From the listing below, please restate exactly the lines beginning at the one with "Misguided Knight of" and ending at the one with "Tajemný záškodník", both included, and skip the pictures.
BEGIN Entries supplied
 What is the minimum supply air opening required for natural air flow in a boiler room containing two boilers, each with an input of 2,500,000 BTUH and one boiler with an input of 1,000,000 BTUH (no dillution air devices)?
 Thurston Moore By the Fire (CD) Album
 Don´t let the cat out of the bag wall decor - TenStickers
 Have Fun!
END Entries supplied
BEGIN Entries supplied
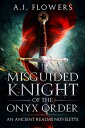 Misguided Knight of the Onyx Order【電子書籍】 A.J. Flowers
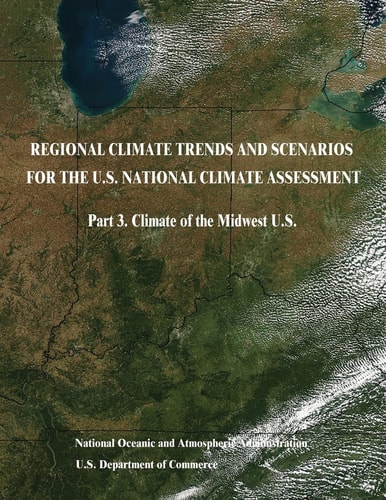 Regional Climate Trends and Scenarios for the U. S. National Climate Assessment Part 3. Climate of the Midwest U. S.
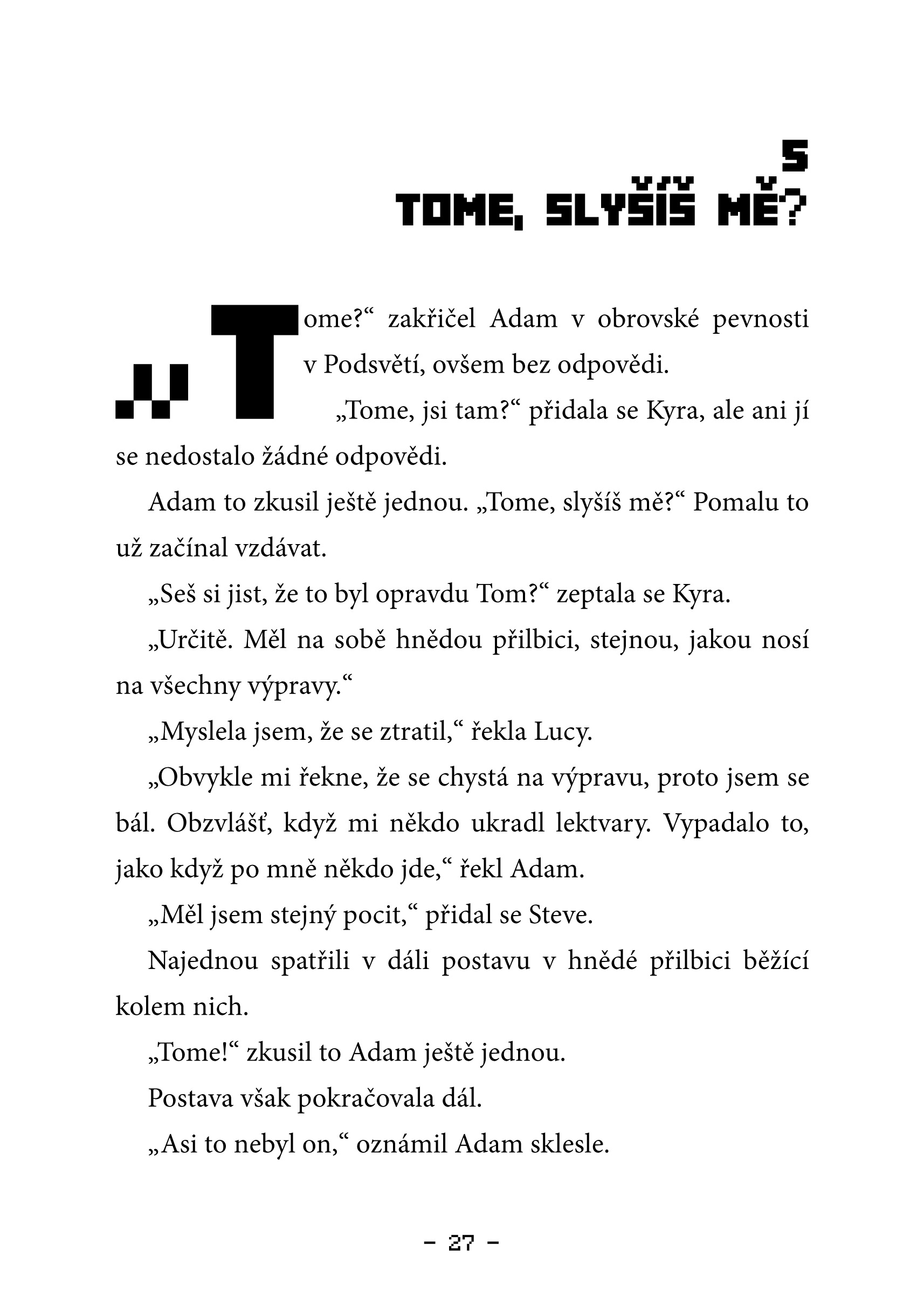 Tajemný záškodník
END Entries supplied
- Output for this task
 Misguided Knight of the Onyx Order【電子書籍】 A.J. Flowers
 Regional Climate Trends and Scenarios for the U. S. National Climate Assessment Part 3. Climate of the Midwest U. S.
 Tajemný záškodník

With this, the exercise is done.